Source records -
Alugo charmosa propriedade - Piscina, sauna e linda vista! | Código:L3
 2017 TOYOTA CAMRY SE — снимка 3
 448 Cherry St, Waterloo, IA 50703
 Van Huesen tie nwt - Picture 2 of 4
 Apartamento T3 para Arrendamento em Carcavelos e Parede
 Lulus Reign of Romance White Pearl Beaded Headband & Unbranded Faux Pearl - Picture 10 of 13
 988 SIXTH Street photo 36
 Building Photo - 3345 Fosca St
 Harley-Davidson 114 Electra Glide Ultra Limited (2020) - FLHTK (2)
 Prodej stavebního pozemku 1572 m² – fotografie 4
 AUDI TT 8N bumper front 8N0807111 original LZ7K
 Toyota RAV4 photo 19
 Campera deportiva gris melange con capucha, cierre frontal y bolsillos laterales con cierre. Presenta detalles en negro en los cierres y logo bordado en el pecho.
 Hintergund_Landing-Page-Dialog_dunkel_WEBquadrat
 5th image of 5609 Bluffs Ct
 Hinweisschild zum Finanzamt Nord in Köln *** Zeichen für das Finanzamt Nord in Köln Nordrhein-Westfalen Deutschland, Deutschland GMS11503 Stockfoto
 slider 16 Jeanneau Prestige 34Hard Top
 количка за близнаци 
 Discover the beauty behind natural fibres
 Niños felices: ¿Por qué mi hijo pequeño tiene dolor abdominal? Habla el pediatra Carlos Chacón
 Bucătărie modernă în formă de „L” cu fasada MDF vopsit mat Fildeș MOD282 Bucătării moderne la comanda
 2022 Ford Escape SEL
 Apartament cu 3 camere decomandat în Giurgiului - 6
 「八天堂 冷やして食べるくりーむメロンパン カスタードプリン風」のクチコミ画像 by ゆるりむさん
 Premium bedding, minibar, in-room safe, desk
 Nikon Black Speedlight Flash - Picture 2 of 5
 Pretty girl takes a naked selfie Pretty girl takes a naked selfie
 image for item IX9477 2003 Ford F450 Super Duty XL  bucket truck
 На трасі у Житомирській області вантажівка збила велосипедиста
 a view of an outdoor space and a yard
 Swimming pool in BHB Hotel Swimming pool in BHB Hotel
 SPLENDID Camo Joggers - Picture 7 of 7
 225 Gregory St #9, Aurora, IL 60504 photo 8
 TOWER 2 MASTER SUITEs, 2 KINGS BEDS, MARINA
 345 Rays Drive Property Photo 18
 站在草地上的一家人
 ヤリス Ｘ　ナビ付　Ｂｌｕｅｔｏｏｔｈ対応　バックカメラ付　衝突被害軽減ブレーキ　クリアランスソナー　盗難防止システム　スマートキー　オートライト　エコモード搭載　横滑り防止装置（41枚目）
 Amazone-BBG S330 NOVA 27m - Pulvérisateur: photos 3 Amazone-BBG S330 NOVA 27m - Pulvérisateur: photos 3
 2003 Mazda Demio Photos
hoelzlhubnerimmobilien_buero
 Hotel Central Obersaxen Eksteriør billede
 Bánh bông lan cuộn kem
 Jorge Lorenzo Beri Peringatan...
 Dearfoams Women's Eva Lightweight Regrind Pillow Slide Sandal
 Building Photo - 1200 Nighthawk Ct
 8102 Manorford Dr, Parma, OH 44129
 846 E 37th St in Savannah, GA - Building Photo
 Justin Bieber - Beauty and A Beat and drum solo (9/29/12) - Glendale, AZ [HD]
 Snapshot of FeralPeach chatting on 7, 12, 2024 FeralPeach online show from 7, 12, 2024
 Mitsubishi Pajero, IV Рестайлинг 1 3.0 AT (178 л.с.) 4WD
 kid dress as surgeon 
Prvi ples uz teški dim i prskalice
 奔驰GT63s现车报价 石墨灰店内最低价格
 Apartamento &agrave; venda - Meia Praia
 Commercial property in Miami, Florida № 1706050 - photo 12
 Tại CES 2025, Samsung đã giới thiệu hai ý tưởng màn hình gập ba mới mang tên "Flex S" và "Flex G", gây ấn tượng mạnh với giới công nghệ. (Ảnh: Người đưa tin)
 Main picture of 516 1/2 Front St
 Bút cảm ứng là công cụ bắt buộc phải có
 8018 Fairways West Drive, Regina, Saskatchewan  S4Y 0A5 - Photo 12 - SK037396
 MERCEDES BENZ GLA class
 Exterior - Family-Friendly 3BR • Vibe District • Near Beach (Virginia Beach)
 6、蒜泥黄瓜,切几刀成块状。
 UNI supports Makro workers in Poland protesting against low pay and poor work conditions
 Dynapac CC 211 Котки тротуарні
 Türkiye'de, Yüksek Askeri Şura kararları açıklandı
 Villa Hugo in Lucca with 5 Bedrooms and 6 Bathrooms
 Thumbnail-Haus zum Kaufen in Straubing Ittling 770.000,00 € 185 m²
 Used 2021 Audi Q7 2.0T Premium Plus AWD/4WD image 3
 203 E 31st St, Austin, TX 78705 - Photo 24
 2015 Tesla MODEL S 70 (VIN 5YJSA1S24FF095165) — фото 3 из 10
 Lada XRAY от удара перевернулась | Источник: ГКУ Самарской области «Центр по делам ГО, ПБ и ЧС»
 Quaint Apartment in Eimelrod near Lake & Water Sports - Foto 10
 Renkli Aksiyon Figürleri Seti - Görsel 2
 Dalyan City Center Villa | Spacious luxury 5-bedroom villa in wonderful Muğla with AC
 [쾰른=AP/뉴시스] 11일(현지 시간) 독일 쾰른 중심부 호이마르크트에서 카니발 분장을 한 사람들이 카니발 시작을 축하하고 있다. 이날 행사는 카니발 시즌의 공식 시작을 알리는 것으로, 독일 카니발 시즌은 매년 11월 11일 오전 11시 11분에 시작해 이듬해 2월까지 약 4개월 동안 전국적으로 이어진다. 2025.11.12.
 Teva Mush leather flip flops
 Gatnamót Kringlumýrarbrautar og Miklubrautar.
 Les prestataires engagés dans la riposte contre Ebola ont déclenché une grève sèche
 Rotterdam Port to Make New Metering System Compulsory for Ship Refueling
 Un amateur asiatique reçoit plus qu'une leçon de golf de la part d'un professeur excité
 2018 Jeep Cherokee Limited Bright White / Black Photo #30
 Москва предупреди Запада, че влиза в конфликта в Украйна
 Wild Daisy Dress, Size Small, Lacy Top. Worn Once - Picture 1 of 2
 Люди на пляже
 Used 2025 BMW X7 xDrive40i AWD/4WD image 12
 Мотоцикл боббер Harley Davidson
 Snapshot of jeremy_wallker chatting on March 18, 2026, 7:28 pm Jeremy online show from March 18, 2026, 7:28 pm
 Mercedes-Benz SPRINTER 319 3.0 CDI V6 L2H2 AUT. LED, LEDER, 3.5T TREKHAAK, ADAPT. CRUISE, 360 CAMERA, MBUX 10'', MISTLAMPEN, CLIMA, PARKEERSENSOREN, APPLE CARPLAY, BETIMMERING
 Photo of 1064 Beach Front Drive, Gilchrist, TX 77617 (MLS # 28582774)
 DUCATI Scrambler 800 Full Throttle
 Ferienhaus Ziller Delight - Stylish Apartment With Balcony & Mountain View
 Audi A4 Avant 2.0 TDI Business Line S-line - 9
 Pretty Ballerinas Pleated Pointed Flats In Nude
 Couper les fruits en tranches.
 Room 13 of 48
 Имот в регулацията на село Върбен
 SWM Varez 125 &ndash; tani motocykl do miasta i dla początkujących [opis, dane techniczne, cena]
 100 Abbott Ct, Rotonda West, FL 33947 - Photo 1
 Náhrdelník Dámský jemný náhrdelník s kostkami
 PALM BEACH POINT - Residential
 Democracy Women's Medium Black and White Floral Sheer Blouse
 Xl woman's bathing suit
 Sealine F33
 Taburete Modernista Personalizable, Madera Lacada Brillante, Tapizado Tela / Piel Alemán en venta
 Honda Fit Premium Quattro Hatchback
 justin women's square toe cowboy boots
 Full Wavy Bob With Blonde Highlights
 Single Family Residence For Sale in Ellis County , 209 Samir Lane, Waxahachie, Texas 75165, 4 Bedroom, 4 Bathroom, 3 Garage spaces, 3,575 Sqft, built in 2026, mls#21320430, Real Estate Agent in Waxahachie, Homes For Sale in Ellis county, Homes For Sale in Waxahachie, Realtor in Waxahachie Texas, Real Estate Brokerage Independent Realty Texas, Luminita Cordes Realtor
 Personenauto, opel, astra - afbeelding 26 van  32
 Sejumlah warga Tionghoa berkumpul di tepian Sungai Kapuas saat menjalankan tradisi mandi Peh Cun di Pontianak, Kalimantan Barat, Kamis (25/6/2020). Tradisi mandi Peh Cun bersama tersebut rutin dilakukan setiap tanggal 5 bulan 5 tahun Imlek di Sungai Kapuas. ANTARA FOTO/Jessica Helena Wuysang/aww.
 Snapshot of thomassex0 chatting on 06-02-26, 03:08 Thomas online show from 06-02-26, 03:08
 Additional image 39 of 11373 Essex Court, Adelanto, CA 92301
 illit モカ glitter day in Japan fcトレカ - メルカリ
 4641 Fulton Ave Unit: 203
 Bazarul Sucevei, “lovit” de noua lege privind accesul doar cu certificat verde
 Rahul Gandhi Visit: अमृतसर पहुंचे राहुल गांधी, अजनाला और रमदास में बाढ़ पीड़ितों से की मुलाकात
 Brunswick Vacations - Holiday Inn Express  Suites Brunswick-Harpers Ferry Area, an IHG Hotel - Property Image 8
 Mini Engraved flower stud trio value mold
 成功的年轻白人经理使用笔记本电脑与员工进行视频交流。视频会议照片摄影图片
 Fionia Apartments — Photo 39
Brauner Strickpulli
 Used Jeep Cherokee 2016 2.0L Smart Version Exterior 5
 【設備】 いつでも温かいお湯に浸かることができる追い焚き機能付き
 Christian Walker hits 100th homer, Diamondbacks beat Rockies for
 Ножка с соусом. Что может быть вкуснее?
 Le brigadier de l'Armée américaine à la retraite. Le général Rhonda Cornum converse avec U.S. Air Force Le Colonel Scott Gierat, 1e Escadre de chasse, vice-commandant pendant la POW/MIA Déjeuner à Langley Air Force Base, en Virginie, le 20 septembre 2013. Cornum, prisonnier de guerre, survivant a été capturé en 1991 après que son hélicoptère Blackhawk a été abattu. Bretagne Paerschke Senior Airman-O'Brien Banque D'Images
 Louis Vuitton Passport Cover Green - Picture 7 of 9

Exercise prompt -
Return every line above in which the string "Snapshot" occurs.

Solution for this task -
 Snapshot of FeralPeach chatting on 7, 12, 2024 FeralPeach online show from 7, 12, 2024
 Snapshot of jeremy_wallker chatting on March 18, 2026, 7:28 pm Jeremy online show from March 18, 2026, 7:28 pm
 Snapshot of thomassex0 chatting on 06-02-26, 03:08 Thomas online show from 06-02-26, 03:08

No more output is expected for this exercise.